IV. Laissant les sens dans leur sphère inférieure, élevons-nous maintenant à la contemplation de ces beautés d’un ordre supérieur[1], dont les sens n’ont pas l’intuition, mais que l’âme voit et nomme sans le secours des organes.

De même qu’il nous aurait été impossible de parler des beautés sensibles si nous ne les avions jamais vues, ni reconnues pour telles, si nous eussions été à leur égard semblables à des hommes aveugles de naissance, de même nous ne saurions rien dire ni de la beauté des arts, des sciences et des autres choses de ce genre si nous n’étions déjà en possession de ce genre de beauté ; ni de la splendeur de la vertu si nous n’avions contemplé la face de la justice[2] et de la tempérance, devant l’éclat de laquelle pâlissent l’étoile du soir et celle du matin. Il faut contempler ces beautés par la faculté que notre âme a reçue pour les voir ; alors, à leur aspect, nous éprouverons bien plus de plaisir, d’étonnement, d’admiration, qu’en présence des beautés sensibles parce que nous aurons l’intuition des beautés véritables. Car devant ce qui est beau, les sentiments qu’on doit éprouver sont l’admiration, un doux saisissement, le désir, l’amour, un transport mêlé de plaisir[3]. Tels sont les sentiments que doivent éprouver et qu’éprouvent en effet pour les beautés invisibles presque toutes les âmes, mais celles surtout qui sont les plus aimantes : c’est ainsi que, placés en présence des beaux corps, tous les hommes les voient, mais sans être également émus ; les plus vivement émus sont ceux qu’on désigne sous le nom d’amants[4].

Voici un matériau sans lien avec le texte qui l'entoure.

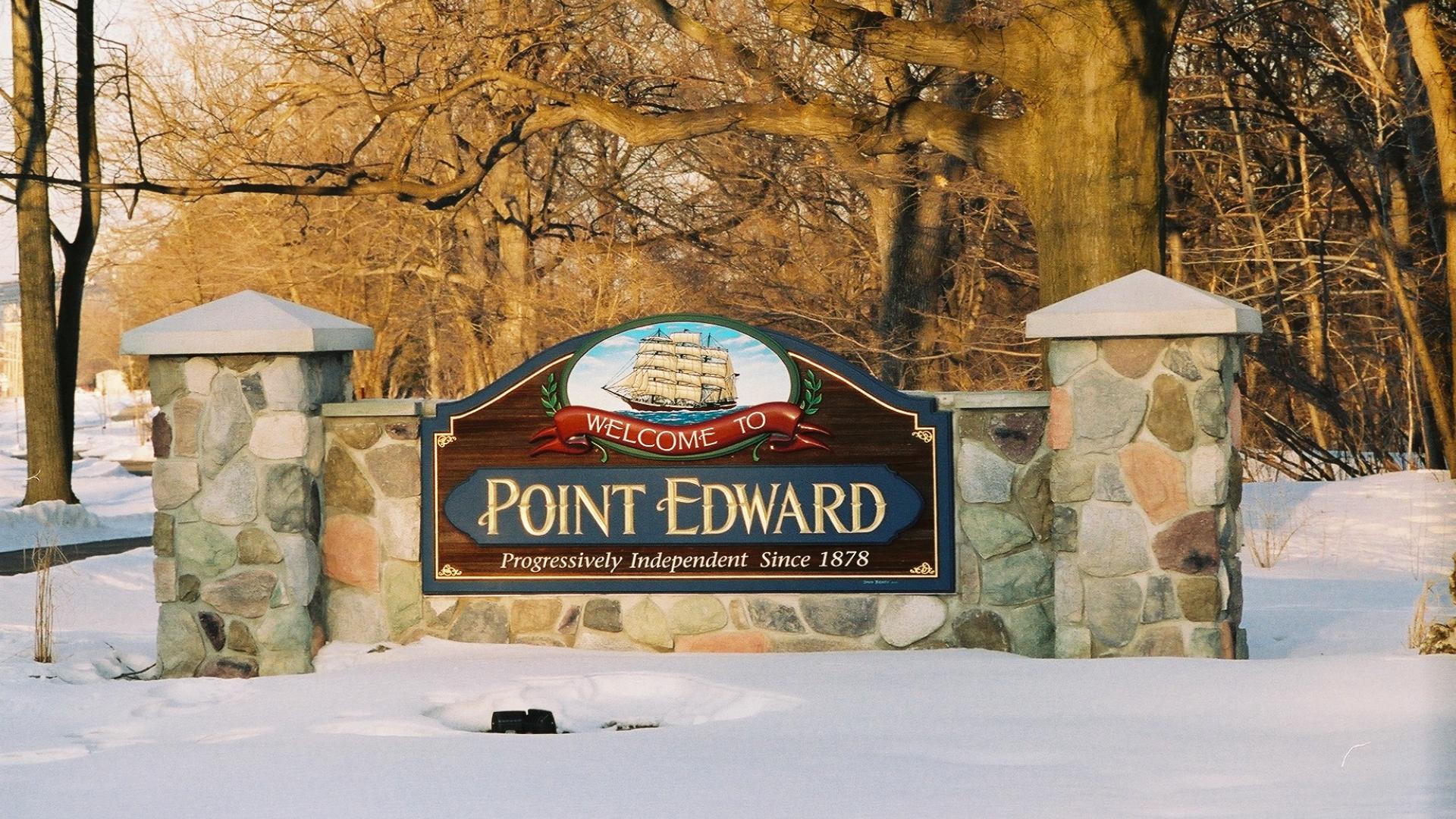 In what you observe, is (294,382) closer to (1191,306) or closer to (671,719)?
(671,719)

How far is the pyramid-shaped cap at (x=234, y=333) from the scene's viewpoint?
7363 millimetres

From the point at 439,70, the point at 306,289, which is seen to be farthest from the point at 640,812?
the point at 306,289

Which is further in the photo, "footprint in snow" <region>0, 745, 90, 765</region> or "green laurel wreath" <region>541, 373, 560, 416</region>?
"green laurel wreath" <region>541, 373, 560, 416</region>

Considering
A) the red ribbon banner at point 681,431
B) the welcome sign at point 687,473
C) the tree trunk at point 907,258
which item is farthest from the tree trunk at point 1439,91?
the red ribbon banner at point 681,431

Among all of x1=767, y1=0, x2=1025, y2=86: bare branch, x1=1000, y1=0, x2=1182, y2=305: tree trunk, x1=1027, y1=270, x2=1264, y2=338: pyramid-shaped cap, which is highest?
x1=767, y1=0, x2=1025, y2=86: bare branch

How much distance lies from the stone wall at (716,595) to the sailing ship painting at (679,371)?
843 millimetres

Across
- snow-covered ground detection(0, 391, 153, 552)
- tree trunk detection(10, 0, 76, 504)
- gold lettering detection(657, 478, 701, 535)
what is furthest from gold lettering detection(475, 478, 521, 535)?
tree trunk detection(10, 0, 76, 504)

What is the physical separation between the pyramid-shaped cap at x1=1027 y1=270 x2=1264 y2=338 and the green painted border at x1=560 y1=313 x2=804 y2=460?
1170 mm

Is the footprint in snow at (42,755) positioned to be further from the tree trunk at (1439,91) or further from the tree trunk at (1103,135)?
the tree trunk at (1439,91)

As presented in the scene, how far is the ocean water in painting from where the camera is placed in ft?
24.6

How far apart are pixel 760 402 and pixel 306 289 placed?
1853 cm

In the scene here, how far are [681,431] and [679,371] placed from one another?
299 millimetres

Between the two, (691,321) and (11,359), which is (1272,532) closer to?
(691,321)

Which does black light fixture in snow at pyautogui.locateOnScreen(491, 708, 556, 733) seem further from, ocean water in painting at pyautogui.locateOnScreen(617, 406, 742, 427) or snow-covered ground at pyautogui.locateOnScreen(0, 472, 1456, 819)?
ocean water in painting at pyautogui.locateOnScreen(617, 406, 742, 427) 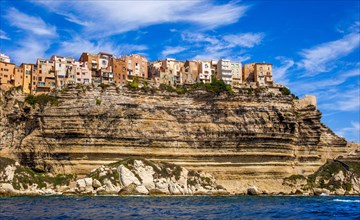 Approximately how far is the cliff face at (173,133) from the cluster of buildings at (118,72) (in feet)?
17.9

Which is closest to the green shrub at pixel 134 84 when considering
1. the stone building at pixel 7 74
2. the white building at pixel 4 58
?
the stone building at pixel 7 74

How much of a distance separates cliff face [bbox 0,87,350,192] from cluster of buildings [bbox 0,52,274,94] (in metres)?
5.45

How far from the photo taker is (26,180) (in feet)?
207

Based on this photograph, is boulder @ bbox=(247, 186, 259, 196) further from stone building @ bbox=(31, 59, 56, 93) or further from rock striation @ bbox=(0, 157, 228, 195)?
stone building @ bbox=(31, 59, 56, 93)

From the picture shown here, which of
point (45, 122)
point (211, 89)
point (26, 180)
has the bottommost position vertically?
point (26, 180)

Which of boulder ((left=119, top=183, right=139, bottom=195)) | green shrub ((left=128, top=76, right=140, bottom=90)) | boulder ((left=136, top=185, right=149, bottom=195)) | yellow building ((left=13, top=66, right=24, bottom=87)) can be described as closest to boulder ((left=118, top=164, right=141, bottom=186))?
boulder ((left=136, top=185, right=149, bottom=195))

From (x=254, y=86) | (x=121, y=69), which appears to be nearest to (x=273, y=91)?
(x=254, y=86)

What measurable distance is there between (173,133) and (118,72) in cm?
1678

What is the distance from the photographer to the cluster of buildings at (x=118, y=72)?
7794 cm

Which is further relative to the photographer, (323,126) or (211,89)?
(323,126)

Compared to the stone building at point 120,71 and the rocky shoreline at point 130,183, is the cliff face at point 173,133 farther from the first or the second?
the stone building at point 120,71

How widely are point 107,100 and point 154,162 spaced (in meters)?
11.8

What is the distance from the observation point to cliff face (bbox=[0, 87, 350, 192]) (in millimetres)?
68625

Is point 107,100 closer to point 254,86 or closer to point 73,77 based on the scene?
point 73,77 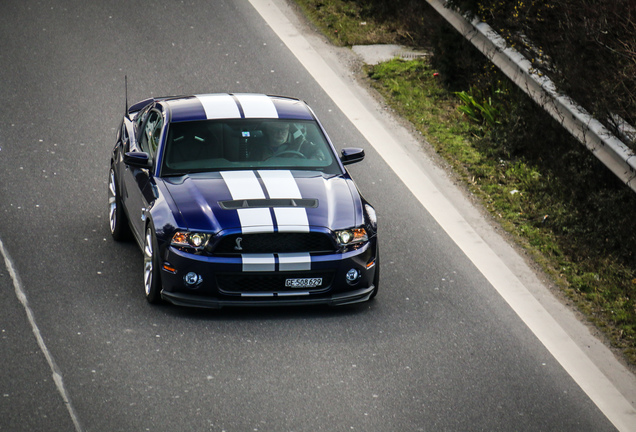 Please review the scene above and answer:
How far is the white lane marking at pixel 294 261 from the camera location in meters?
8.16

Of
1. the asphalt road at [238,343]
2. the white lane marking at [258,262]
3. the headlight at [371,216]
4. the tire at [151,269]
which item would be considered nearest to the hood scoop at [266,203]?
the white lane marking at [258,262]

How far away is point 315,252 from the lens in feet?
27.2

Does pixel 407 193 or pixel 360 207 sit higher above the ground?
pixel 360 207

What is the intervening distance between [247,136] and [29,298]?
248 cm

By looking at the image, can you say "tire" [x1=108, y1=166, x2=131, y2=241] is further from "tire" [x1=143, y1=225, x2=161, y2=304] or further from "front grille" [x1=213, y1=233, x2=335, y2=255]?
"front grille" [x1=213, y1=233, x2=335, y2=255]

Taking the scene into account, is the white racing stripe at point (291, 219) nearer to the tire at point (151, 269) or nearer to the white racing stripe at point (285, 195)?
the white racing stripe at point (285, 195)

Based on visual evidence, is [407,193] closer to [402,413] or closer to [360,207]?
[360,207]

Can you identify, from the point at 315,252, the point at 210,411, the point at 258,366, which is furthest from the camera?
the point at 315,252

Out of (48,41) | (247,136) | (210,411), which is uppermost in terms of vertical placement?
(247,136)

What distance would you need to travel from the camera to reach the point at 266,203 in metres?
8.39

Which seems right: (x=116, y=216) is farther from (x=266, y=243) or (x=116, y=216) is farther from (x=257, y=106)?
(x=266, y=243)

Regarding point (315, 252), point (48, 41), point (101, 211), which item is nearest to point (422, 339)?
point (315, 252)

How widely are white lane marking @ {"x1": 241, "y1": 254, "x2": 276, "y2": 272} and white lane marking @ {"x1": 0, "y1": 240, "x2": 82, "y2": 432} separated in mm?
1703

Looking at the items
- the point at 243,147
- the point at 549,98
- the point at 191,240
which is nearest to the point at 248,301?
the point at 191,240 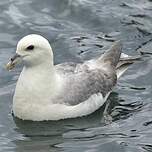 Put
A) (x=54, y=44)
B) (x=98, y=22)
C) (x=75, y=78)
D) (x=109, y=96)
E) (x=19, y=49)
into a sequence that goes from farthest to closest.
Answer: (x=98, y=22)
(x=54, y=44)
(x=109, y=96)
(x=75, y=78)
(x=19, y=49)

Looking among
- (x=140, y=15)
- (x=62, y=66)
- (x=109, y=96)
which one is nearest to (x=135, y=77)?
(x=109, y=96)

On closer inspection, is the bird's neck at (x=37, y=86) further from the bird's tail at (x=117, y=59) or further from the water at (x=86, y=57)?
the bird's tail at (x=117, y=59)

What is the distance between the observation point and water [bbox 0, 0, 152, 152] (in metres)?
→ 9.55

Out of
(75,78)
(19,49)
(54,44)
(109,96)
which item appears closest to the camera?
(19,49)

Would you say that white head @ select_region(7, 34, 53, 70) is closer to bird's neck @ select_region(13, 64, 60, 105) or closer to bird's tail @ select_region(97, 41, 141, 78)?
bird's neck @ select_region(13, 64, 60, 105)

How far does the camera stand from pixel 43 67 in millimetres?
10023

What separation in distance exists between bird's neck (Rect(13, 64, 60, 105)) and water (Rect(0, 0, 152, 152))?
0.37 metres

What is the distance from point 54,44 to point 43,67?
2906 millimetres

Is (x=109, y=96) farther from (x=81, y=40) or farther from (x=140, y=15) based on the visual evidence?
(x=140, y=15)

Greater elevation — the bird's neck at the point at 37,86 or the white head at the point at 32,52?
the white head at the point at 32,52

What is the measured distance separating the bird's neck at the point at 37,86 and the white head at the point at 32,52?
13 cm

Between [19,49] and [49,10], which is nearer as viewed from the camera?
[19,49]

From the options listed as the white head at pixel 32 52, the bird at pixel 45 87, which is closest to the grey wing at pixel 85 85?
the bird at pixel 45 87

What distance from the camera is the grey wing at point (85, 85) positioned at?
1013 cm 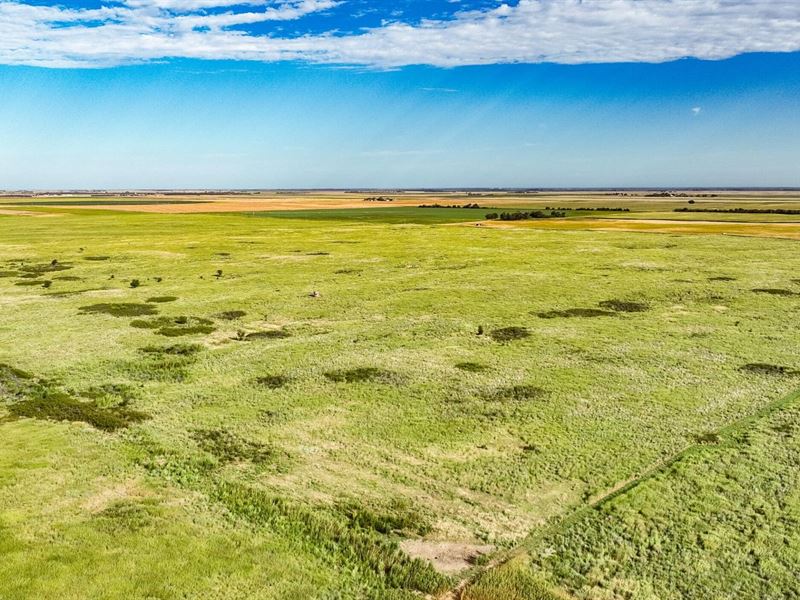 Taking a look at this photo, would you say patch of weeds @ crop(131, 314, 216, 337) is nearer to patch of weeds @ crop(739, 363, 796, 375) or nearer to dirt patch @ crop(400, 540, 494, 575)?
dirt patch @ crop(400, 540, 494, 575)

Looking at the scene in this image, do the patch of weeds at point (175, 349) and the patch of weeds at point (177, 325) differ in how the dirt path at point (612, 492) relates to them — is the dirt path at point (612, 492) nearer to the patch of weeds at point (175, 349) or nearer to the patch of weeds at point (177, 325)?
the patch of weeds at point (175, 349)

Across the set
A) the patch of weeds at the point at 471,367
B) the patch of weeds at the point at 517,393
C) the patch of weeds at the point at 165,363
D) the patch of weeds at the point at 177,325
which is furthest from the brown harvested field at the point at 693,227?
the patch of weeds at the point at 165,363

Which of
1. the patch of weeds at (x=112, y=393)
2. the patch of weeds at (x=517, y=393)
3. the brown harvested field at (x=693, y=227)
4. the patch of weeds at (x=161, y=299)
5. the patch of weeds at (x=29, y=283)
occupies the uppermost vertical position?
the brown harvested field at (x=693, y=227)

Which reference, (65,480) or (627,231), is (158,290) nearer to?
(65,480)

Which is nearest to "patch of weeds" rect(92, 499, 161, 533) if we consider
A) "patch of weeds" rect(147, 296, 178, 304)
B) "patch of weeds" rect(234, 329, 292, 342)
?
"patch of weeds" rect(234, 329, 292, 342)

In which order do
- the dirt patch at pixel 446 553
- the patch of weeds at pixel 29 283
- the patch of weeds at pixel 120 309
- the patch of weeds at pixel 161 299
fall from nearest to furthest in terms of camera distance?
the dirt patch at pixel 446 553, the patch of weeds at pixel 120 309, the patch of weeds at pixel 161 299, the patch of weeds at pixel 29 283

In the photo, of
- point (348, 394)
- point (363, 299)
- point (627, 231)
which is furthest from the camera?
point (627, 231)

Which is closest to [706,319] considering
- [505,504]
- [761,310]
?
[761,310]

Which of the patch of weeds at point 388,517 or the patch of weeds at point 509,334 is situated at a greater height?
the patch of weeds at point 509,334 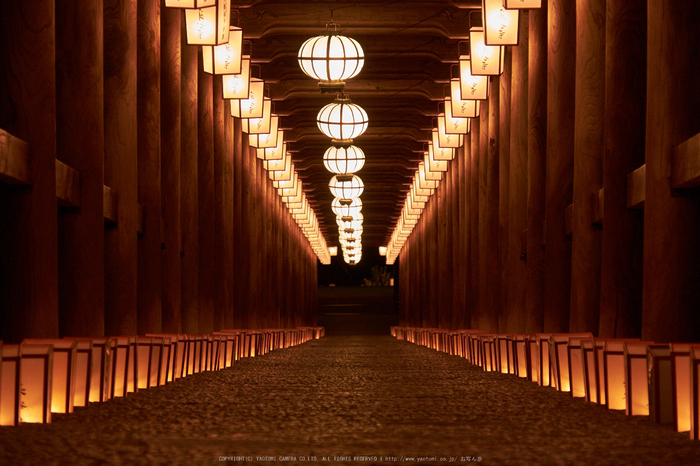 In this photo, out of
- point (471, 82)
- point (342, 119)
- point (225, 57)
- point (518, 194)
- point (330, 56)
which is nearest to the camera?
point (330, 56)

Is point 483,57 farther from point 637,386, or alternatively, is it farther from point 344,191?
point 344,191

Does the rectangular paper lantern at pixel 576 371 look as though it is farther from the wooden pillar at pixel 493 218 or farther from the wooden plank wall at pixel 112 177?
the wooden pillar at pixel 493 218

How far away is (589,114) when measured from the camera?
49.6 feet

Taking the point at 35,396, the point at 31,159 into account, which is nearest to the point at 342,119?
the point at 31,159

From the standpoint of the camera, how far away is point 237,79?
2298 cm

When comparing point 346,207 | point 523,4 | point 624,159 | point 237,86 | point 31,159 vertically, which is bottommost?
point 31,159

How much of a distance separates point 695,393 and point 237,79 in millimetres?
17581

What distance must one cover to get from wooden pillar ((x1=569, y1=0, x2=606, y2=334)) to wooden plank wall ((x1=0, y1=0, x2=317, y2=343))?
664cm

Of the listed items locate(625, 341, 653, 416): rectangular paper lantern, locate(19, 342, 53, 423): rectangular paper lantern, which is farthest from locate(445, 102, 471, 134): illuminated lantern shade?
locate(19, 342, 53, 423): rectangular paper lantern

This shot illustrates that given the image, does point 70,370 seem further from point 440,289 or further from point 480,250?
point 440,289

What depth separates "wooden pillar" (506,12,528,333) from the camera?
20656mm

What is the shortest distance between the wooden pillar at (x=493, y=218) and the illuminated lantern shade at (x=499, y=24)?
281 inches

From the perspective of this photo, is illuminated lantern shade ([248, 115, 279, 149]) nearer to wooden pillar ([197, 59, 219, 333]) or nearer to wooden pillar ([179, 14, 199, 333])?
wooden pillar ([197, 59, 219, 333])

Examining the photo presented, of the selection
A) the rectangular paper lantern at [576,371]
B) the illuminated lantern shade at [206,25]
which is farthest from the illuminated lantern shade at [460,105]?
the rectangular paper lantern at [576,371] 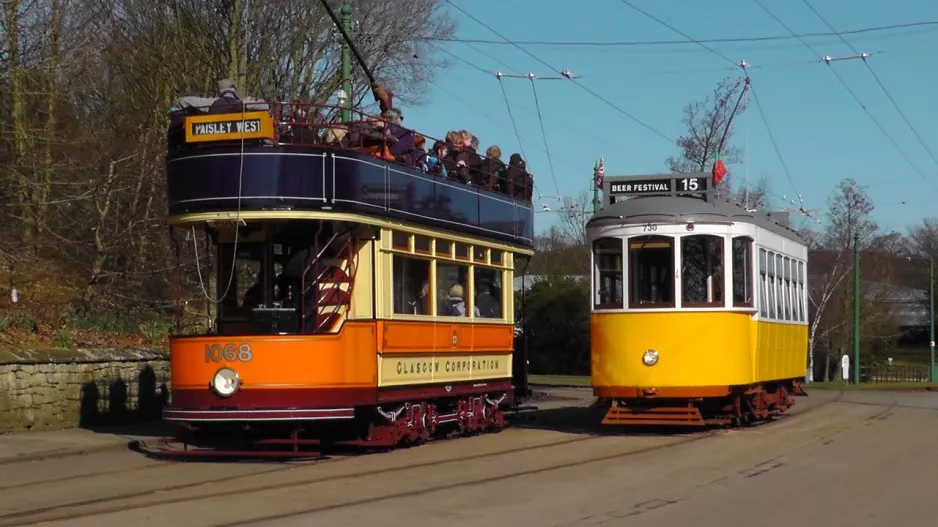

V. Interrogeons donc sur ce qu’ils éprouvent ces

  1. Voy. Platon : Banquet, p. 210 ; Timée, p. 31.
  2. Allusion à cette expression d’un poëte, cité par Athénée (liv. xii, p. 546) : διϰαιοσύνης τὸ ϰρύσεον πρόσωπον.
  3. Voy. Platon : Banquet, p. 191 ; Cratyle, p. 420.
  4. Voy. Enn. I, liv. iii.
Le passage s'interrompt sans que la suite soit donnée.